The arguments for the end of Dial of Destiny

In an interview with Uproxx, director James Mangold notes that in an Indiana Jones movie, the artifact resembles Chekhov’s gun — the ancient object discussed in the first act must go off in the third, showing its power. It should also tie in with Indy’s personal journey, and help him solve whatever he’s struggling with.

Indiana Jones and the Dial of Fate takes place at a point in Indy’s life where he no longer feels like he belongs. Mankind has reached the moon, his son Mutt (Shia LaBeouf in Kingdom of the Crystal Skull) died off-screen in Vietnam, his marriage to Marion Ravenwood (Karen Allen) is over and he’s about to retire from his long career as a professor. There is a strong thematic resonance in the idea of ​​Indiana Jones longing to hide in the past and wanting to stay there when he miraculously finds himself in an era where he devoted his life to college.

The problem is that it doesn’t add up to the Indiana Jones movies before it.

The case towards the end of Dial of Destiny

While the same two people – Steven Spielberg and George Lucas – guided every previous Indiana Jones film, each one is a completely different flavor of pulp throwback. One thing is consistent, however: the artifact at the center of each story blurs the line between fact and fiction, lying on the threshold of history and myth.

“Archaeology is the search for facts, not truth”, says Indy at the beginning of his class Indiana Jones and the Last Crusade. It’s a clever line that encapsulates both Indy’s biggest drive and his biggest blind spot: he firmly believes that history can be discovered and explained, even though he constantly encounters things that can’t be explained, and he grows as a person as a result.

Indiana Jones crosses a bridge in the shadows in a still from the self-titled movie Indiana Jones 5

Image: Lucasfilm

In Dial of fate, Indy is skeptical of the dial’s abilities, but in the end it doesn’t force him to face something he doesn’t understand. In fact, it seduces him with a version of the world he already knows.

While it’s shocking and a little silly to see Indiana Jones talk to Archimedes, Dial of fateThe film’s script does indeed set the moment thematically, and a solid case could be made for it within the film’s logic. Take a step back, though, and the ending becomes a metaphor for how a franchise is eroded as sequel after sequel pile up, taking the story further away from its center.

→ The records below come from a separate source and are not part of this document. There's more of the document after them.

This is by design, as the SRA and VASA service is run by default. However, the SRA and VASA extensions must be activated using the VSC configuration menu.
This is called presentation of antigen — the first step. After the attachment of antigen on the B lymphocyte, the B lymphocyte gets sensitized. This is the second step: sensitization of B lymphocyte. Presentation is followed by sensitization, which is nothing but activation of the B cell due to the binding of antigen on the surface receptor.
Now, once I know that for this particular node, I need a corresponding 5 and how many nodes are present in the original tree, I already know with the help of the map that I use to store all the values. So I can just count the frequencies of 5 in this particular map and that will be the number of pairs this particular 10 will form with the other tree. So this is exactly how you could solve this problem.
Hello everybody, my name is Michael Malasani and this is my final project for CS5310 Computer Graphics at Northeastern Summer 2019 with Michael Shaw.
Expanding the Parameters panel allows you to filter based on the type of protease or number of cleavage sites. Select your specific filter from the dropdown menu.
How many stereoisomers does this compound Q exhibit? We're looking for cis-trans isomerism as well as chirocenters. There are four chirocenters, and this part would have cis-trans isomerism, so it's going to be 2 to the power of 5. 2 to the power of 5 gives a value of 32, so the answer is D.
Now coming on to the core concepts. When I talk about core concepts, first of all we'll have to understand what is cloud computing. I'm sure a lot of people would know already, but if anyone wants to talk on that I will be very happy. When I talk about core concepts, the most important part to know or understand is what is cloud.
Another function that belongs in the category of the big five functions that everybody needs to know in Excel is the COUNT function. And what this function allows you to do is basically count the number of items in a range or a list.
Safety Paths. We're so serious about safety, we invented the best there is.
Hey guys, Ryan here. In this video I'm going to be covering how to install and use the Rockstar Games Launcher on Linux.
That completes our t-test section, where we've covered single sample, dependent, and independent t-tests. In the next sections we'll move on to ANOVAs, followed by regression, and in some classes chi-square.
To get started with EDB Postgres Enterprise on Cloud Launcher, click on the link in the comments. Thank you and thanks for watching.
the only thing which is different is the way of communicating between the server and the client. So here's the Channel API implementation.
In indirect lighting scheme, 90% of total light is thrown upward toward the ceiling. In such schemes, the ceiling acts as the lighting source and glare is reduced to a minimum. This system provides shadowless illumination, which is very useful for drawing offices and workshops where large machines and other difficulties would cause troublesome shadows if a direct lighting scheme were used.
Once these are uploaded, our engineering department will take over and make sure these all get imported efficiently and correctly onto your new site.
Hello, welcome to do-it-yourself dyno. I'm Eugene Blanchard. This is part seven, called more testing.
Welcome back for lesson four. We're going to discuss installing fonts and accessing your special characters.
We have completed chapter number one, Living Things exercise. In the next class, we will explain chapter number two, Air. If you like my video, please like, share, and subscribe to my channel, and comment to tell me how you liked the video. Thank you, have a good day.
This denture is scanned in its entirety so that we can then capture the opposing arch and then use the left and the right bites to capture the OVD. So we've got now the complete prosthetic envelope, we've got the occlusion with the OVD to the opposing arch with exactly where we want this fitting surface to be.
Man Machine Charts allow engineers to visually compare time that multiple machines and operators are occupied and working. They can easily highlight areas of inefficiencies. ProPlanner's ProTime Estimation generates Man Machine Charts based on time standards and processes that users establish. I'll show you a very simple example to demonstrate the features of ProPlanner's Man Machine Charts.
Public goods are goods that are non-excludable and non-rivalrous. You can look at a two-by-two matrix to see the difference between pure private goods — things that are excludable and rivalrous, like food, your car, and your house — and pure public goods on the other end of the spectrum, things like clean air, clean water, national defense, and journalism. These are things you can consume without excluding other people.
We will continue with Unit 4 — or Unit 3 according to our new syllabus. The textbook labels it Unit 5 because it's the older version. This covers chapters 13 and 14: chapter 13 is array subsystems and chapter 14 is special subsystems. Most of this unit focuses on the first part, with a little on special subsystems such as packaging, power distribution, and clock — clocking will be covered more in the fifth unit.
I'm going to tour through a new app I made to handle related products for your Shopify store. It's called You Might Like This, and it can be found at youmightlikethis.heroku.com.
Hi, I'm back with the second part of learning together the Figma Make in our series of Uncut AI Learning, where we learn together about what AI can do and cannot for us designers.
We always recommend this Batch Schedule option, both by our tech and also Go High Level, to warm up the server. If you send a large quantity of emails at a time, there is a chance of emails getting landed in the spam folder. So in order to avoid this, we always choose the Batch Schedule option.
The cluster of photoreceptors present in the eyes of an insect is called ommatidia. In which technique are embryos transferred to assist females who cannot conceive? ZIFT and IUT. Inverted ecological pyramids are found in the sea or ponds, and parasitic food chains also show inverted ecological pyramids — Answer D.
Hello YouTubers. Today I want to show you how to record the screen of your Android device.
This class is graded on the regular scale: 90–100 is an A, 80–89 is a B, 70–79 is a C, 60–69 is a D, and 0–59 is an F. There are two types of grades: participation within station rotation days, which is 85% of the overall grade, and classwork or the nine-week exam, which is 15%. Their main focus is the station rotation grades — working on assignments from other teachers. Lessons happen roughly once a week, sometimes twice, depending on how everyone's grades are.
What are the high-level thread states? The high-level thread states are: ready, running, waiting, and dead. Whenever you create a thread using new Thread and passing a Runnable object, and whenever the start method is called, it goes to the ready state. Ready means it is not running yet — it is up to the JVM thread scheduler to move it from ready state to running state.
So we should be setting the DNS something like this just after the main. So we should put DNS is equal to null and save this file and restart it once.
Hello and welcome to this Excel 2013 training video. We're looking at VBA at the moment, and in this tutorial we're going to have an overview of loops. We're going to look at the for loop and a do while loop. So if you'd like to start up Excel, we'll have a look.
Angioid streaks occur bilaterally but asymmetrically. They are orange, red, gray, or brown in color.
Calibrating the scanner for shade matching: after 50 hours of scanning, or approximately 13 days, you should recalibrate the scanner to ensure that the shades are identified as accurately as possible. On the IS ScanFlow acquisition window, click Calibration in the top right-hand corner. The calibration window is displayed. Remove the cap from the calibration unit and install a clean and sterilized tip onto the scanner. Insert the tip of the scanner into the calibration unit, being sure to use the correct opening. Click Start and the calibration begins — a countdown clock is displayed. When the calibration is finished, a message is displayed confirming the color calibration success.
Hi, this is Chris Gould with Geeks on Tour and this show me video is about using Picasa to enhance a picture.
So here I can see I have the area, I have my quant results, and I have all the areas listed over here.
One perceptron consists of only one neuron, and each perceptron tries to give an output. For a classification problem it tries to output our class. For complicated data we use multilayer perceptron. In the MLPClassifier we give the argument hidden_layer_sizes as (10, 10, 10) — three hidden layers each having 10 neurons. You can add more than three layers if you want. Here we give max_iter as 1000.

The Indiana Jones movies were always throwback to pulp adventure series. They were in 1981 then Raiders of the Lost Ark premiered, and they were in 2008 with Kingdom of the Crystal Skull – a movie that, while derided, was designed to evoke 1950s sci-fi the way the previous films in the franchise evoked movies like the 1939 adventure Gunga Din. While Dial of fate is all about a compass, directing its viewers nowhere but other Indiana Jones movies. It bends the franchise into a navel-gazing ouroboros. On the surface, as Mangold says, it’s a story about moving on. But it’s not – it’s a regressive story about Indy choosing a world he knows, and history he knows. And it’s about the franchise itself retreating into self-parody. Like Indiana herself, this final installment of the series is stuck in the past – showing no indication of what a problematic message that is.